**TASK PROMPT**
Extract exactly and only the lines from the one containing "Red hot chili" through the end of the entries below. Pictures should not appear in the copy.

<<<<

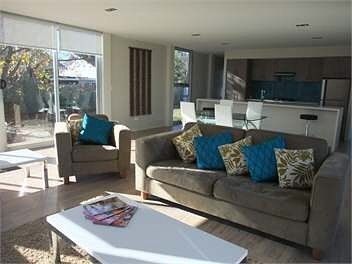 Spacious living room with sofa, armchair, coffee table, and open kitchen with a sunny window view.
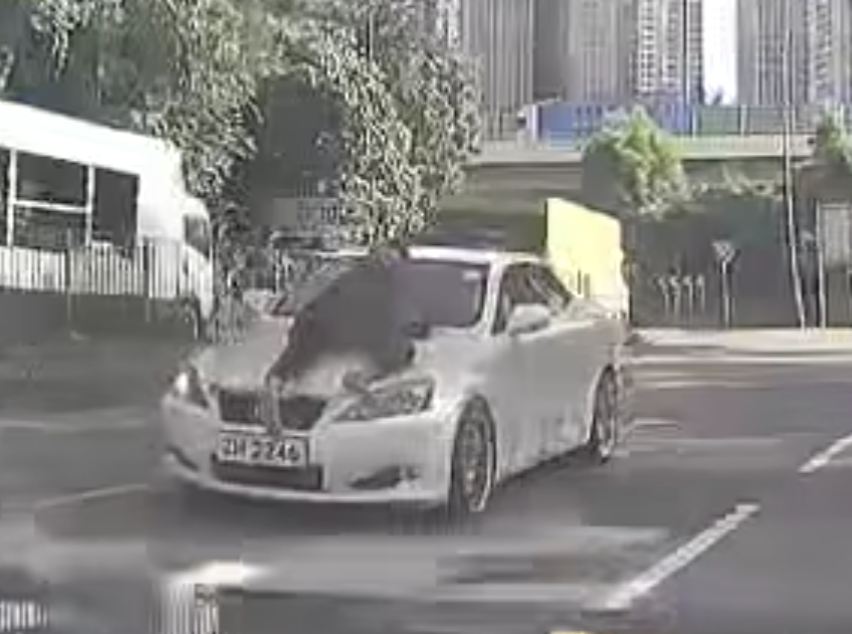 片段中一輛白色私家車沿粉錦公路行駛,一名穿黑衣的人伏在該車頭上(影片截圖)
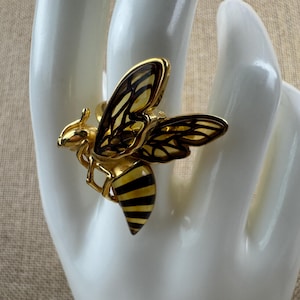 Op de afbeelding: Een goudkleurige bijenring met zwart-gele strepen op het achterlijf. De vleugels zijn doorschijnend met een bruin patroon. De ring is geplaatst op een witte hand.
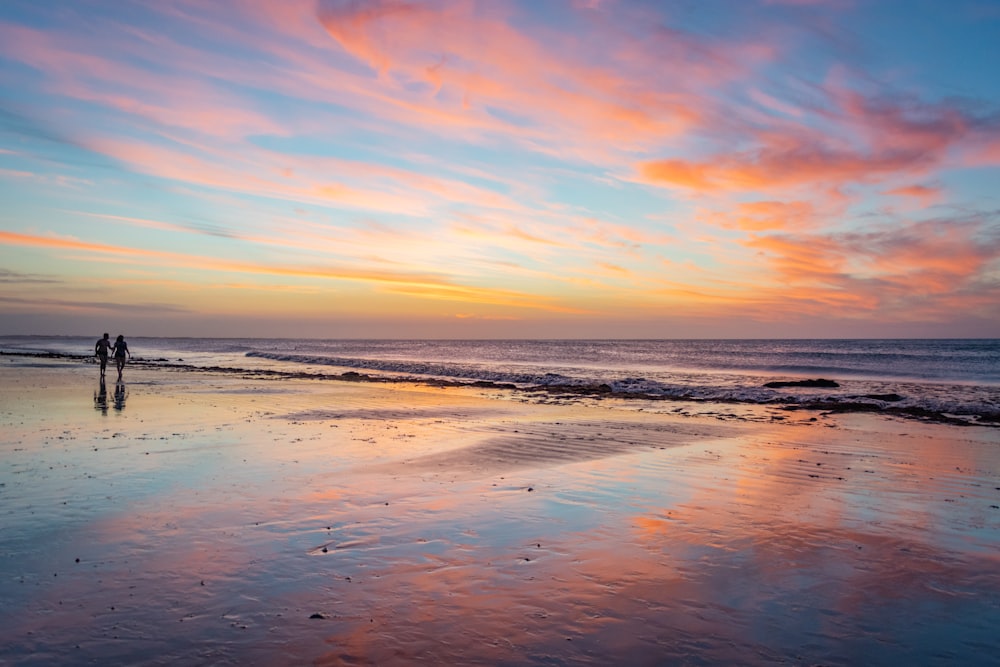 two person walking on shore during golden hour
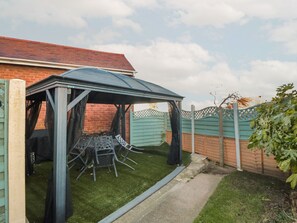 Ein überdachter Patio-Bereich mit Tisch und Stühlen, einer Backsteinmauer und einem Holzzaun.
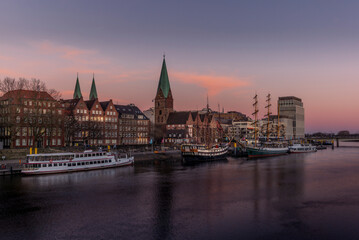 View of Bremen with the buildings, bridges and ships reflecting in the river at sunset - obrazy, fototapety, plakaty
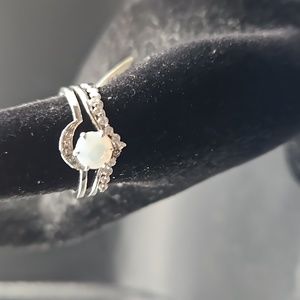 E-9 3 piece ring set silvertone with cloudy blue stone with clear accents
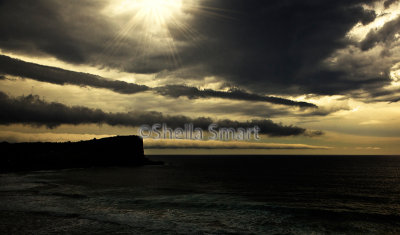 Avalon Headland with storm and sun with star filter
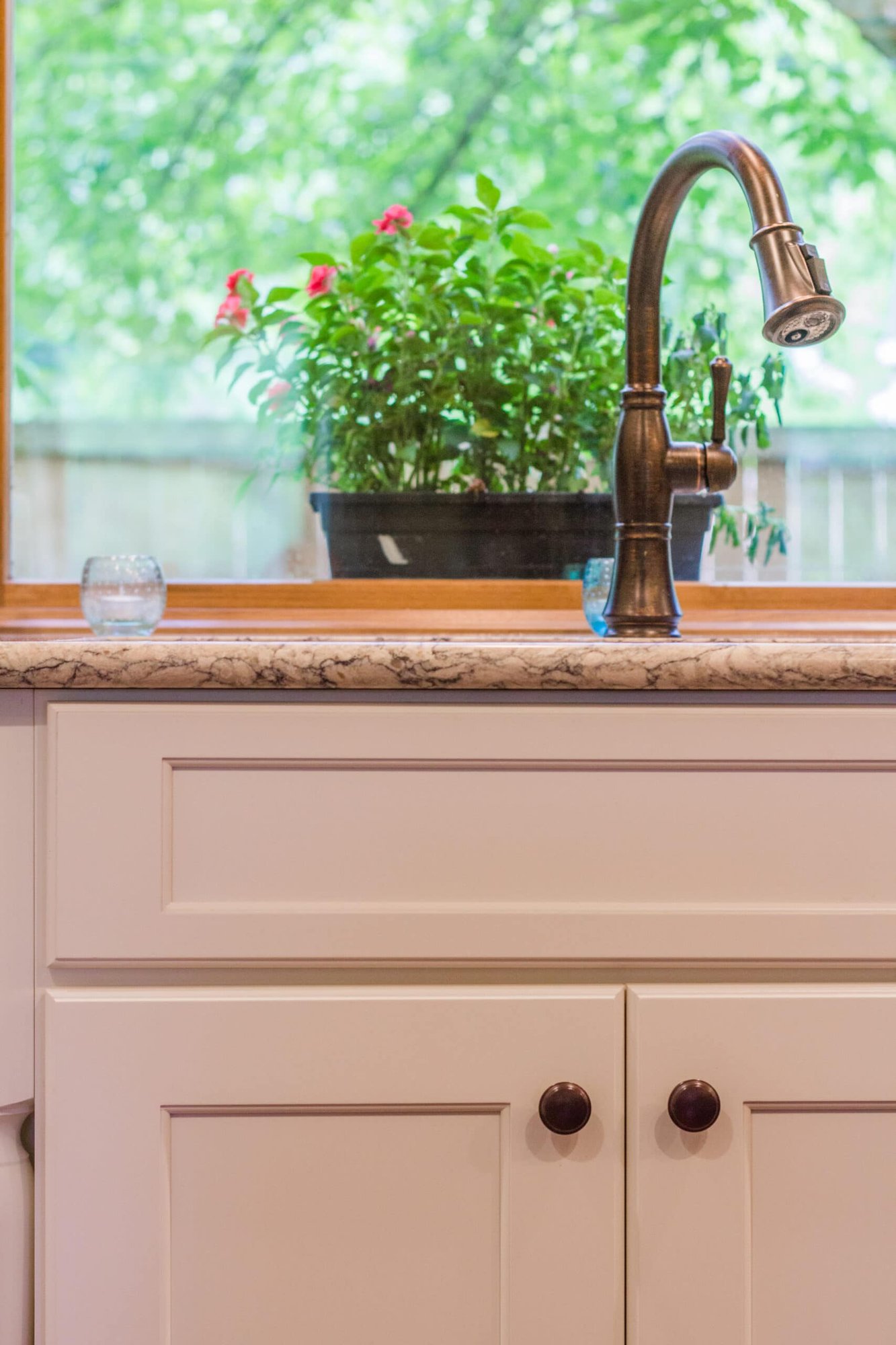Kitchen sink with granite countertop, bronze faucet, and window overlooking greenery in a Cincinnati home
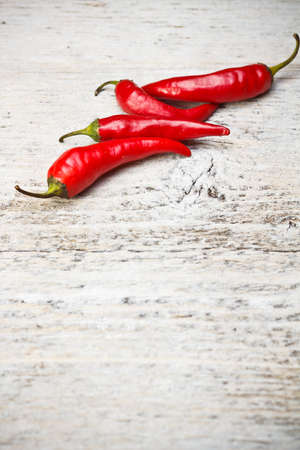 Red hot chili peppers on old wooden table の写真素材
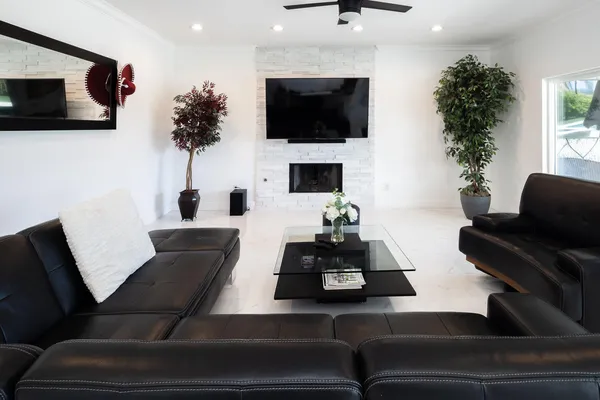 a living room with furniture and a flat screen tv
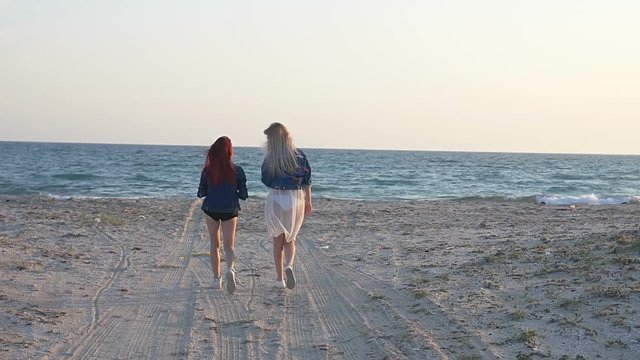 two young women go to the sea along the sandy shore back view slow motion
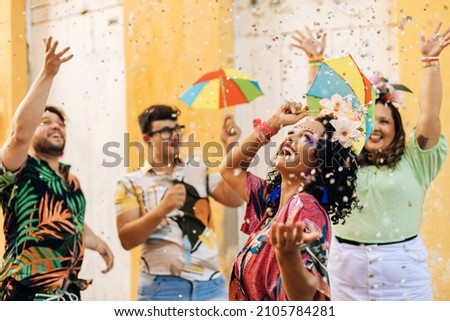 Brazilian Carnival. Group of friends celebrating carnival party Royalty-Free Stock Photo #2105784281
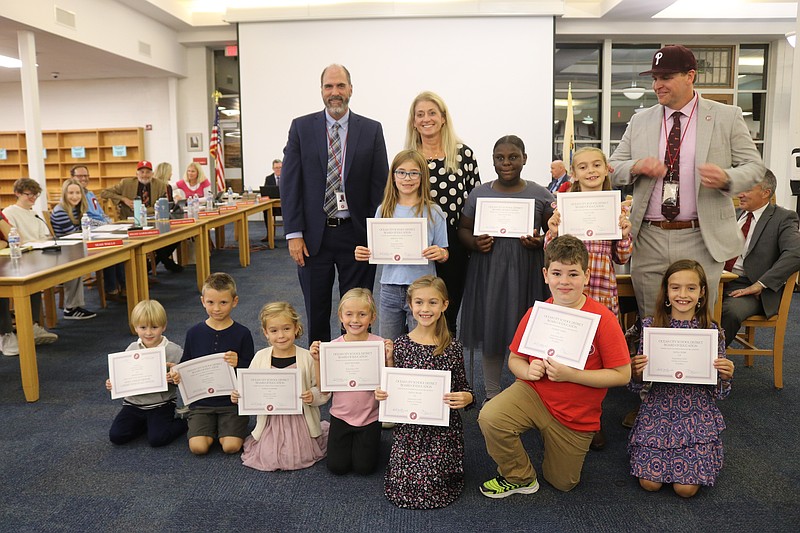 Primary School students selected as Students of the Month are joined by school officials for a group picture.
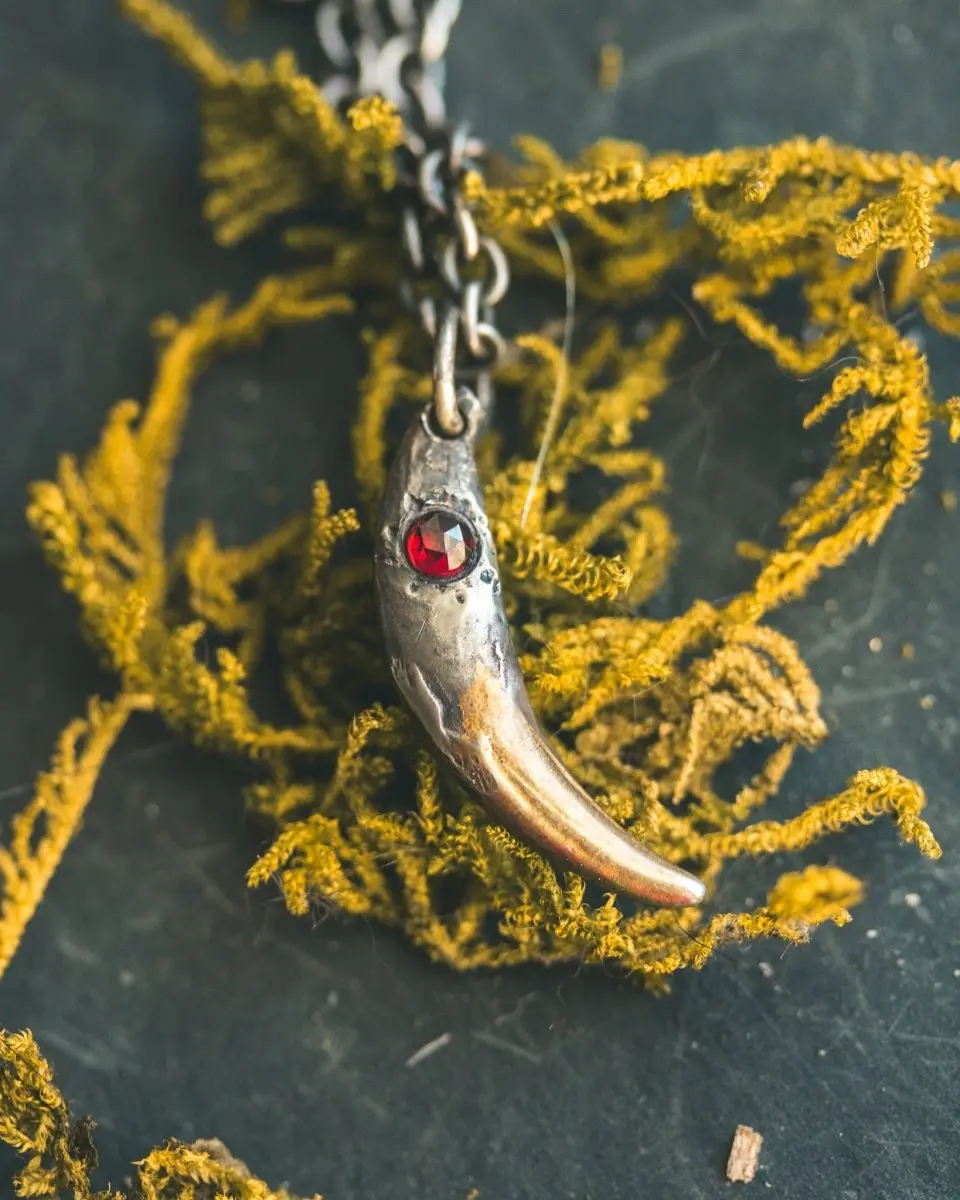 Fox Fang Pendant with Rose-Cut Almandine Garnet: A Symbol of Cunning, Passion, and Transformation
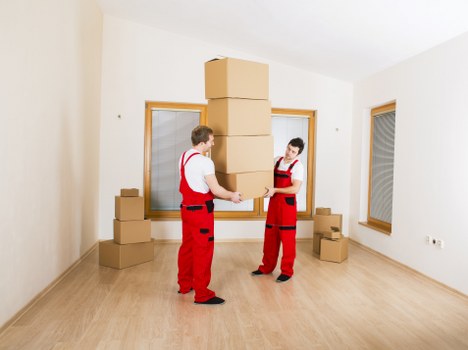 Professional movers carrying furniture through a residential property in Greenford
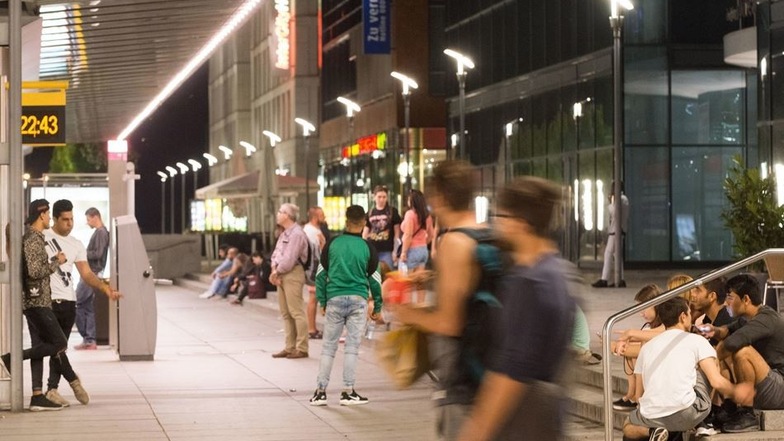 Junge Menschen vertreiben sich die Zeit vor der Bahnstation am Wiener Platz.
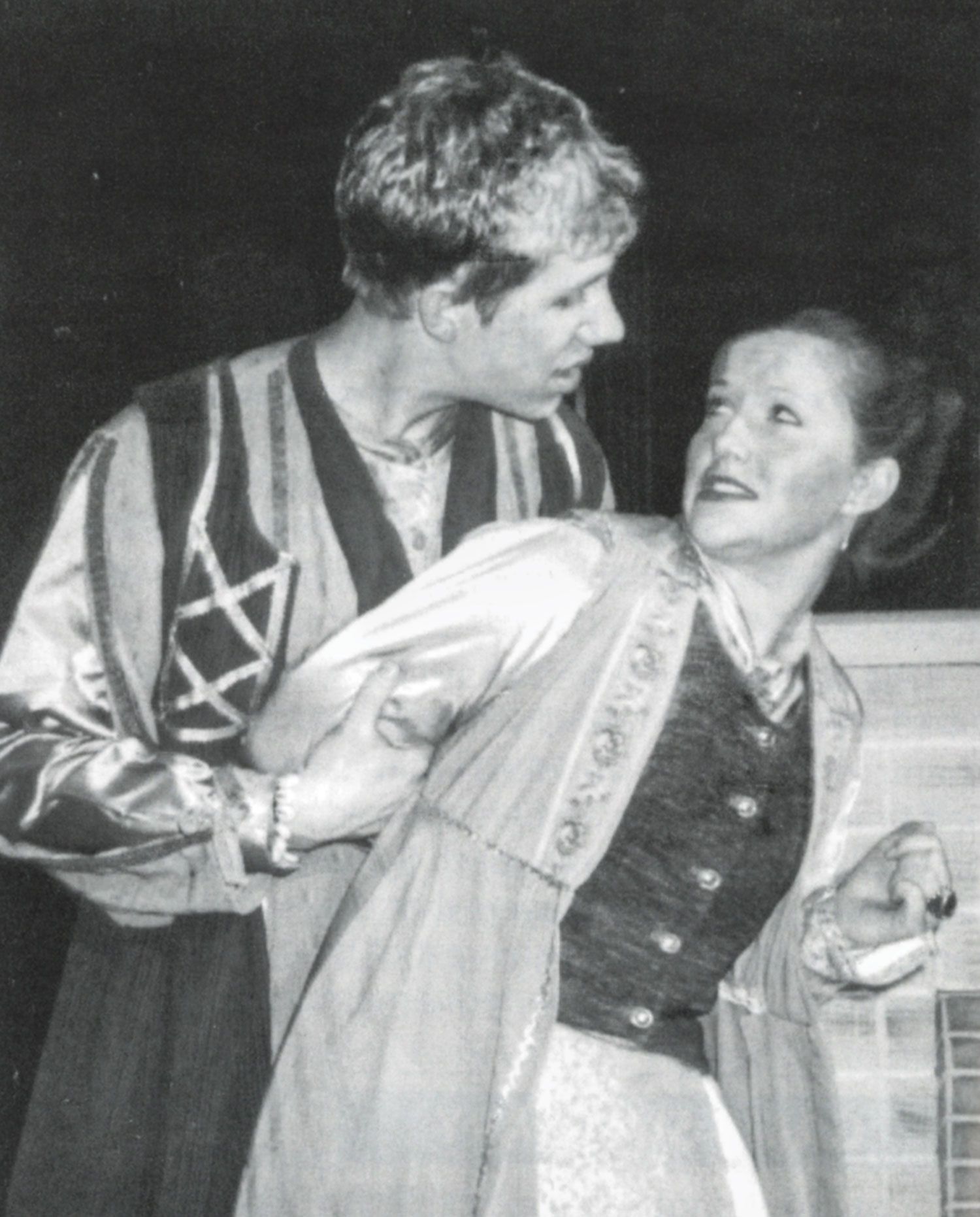 Female student with arms behind her back, looking at male student who is behind her, holding her arms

>>>>

**SOLUTION FOR THIS TASK**
 Red hot chili peppers on old wooden table の写真素材
 a living room with furniture and a flat screen tv
 two young women go to the sea along the sandy shore back view slow motion
 Brazilian Carnival. Group of friends celebrating carnival party Royalty-Free Stock Photo #2105784281
 Primary School students selected as Students of the Month are joined by school officials for a group picture.
 Fox Fang Pendant with Rose-Cut Almandine Garnet: A Symbol of Cunning, Passion, and Transformation
 Professional movers carrying furniture through a residential property in Greenford
 Junge Menschen vertreiben sich die Zeit vor der Bahnstation am Wiener Platz.
 Female student with arms behind her back, looking at male student who is behind her, holding her arms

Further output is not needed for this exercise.